Reward and terminal functions in Inkling

Caution

Reward and terminal functions are considered advanced usage for special cases. Most users should use Goals instead.

Reward functions

Reward functions take one or two input parameters. The first parameter provides the new state that was returned from the simulator. The second parameter (which can be omitted) is the action provided by the AI during a training episode. The reward function must return a numeric value indicating the reward associated with that state and action.

The reward function is specified within the curriculum statement using the reward keyword and a globally named or inline function.

concept Balance(input: SimState): Action {
    curriculum {
        source MySimulator
        reward GetReward
    }
}

function IsUpright(Angle: number) {
  return Angle > 85 and Angle < 95
}

function GetReward(State: SimState) {
  if IsUpright(State.Angle) {
      return 1.0
  }
  return -0.01
}

Warning

Reward functions cannot be used in conjunction with goals. Including both will generate an error.

Terminal functions

As with reward functions, terminal functions can be written within Inkling. When you specify a terminal function in Inkling, the training engine ignores any terminal values passed from the simulator. Terminal functions cannot be used in conjunction with goals.

An Inkling terminal function takes one or two input parameters. The first is the new state that was returned from the simulator. The second parameter (which can be omitted) is the action that was provided by the model. The terminal function must return true (1) if the state is a terminal state or false (0) otherwise.

The terminal function is specified within the curriculum statement using the terminal keyword and a globally named or inline function.

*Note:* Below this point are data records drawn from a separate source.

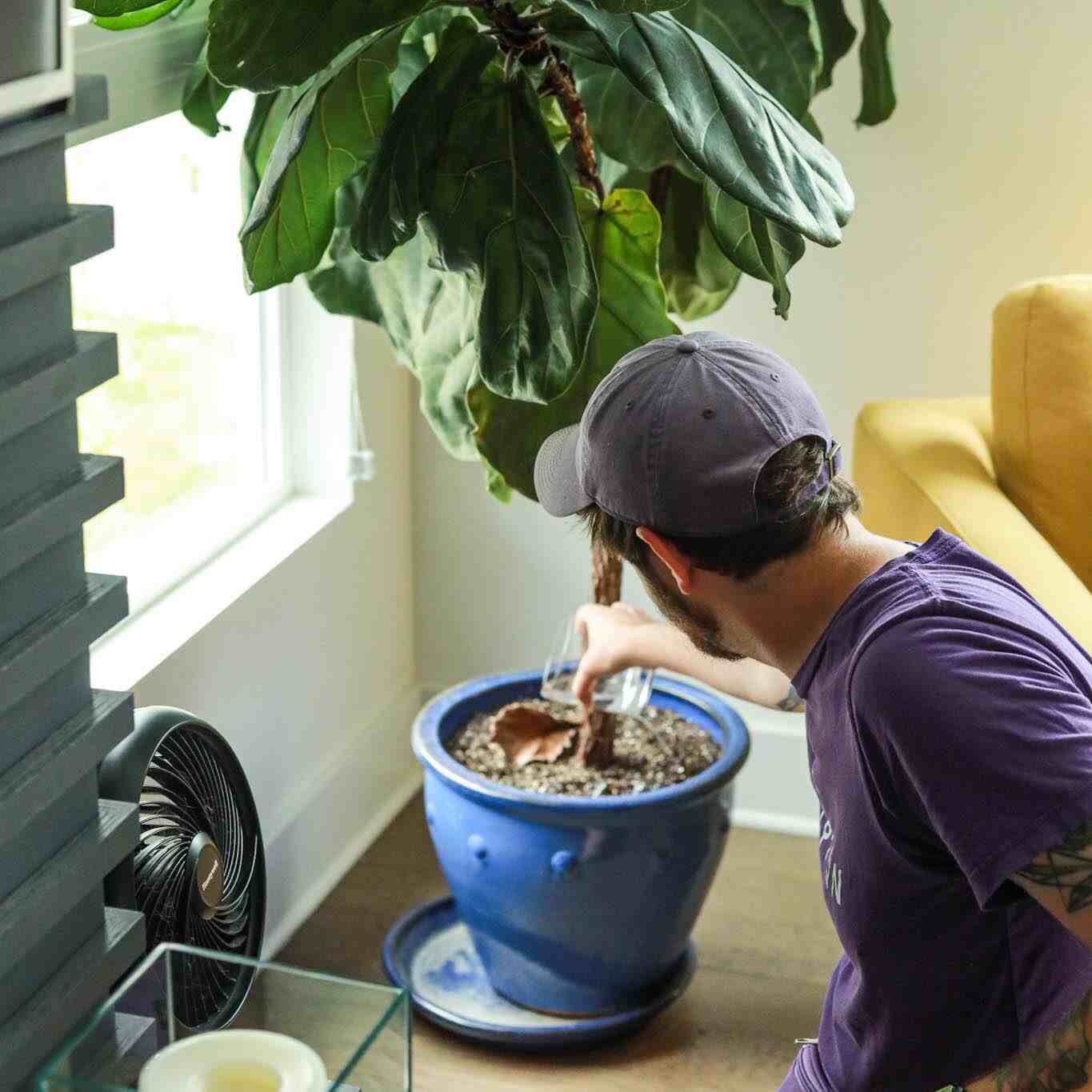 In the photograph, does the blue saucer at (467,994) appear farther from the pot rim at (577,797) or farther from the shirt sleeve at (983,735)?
the shirt sleeve at (983,735)

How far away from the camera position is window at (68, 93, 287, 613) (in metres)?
1.90

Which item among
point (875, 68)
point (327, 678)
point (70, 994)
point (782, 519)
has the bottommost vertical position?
point (327, 678)

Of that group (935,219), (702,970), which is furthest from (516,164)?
(702,970)

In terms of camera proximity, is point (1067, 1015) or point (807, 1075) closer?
point (1067, 1015)

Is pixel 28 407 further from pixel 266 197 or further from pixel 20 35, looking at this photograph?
pixel 266 197

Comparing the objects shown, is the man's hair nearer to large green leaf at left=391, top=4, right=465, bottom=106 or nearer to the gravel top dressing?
large green leaf at left=391, top=4, right=465, bottom=106

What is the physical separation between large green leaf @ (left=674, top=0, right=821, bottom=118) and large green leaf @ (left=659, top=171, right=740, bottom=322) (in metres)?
0.25

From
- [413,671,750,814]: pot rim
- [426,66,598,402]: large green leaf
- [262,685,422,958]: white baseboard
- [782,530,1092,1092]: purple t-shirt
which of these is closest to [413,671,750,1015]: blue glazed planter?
[413,671,750,814]: pot rim

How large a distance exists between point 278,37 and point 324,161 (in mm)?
190

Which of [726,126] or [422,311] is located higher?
[726,126]

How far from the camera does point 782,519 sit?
3.83 feet

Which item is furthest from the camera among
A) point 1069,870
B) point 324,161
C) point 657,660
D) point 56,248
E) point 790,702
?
point 657,660

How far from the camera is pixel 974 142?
233cm

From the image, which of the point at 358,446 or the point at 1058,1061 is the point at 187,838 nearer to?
the point at 1058,1061
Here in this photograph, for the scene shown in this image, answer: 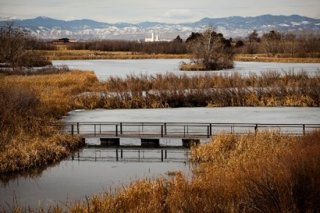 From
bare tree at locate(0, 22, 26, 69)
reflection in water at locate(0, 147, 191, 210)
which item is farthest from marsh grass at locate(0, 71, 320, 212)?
bare tree at locate(0, 22, 26, 69)

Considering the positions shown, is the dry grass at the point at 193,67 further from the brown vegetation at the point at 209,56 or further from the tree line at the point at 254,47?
the tree line at the point at 254,47

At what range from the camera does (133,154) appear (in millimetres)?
22359

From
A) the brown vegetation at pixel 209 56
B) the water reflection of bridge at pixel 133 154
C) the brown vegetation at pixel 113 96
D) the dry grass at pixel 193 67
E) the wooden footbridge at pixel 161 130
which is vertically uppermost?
the brown vegetation at pixel 209 56

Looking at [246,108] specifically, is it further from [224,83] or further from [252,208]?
[252,208]

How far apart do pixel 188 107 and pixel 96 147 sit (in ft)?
42.6

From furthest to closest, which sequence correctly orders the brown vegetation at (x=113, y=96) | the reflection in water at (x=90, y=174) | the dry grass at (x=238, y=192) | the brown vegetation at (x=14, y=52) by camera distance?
1. the brown vegetation at (x=14, y=52)
2. the brown vegetation at (x=113, y=96)
3. the reflection in water at (x=90, y=174)
4. the dry grass at (x=238, y=192)

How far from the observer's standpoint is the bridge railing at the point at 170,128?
2381 cm

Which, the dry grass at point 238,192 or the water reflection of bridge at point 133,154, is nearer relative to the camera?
the dry grass at point 238,192

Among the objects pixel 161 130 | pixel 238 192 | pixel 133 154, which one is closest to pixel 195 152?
pixel 133 154

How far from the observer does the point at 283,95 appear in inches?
1398

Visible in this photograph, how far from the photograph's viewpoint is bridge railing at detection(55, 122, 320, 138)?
23.8 metres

concept Balance(input: SimState): Action {
    curriculum {
        source MySimulator
        terminal function (State: SimState) {
          return State.Position > 20
        }
    }
}

Terminal functions are not required when using reward functions. If no terminal function is provided, the training episode automatically terminates once the the configured iteration limit (EpisodeIterationLimit) is reached.

Warning

Terminal functions cannot be used in conjunction with goals. Including both will generate an error.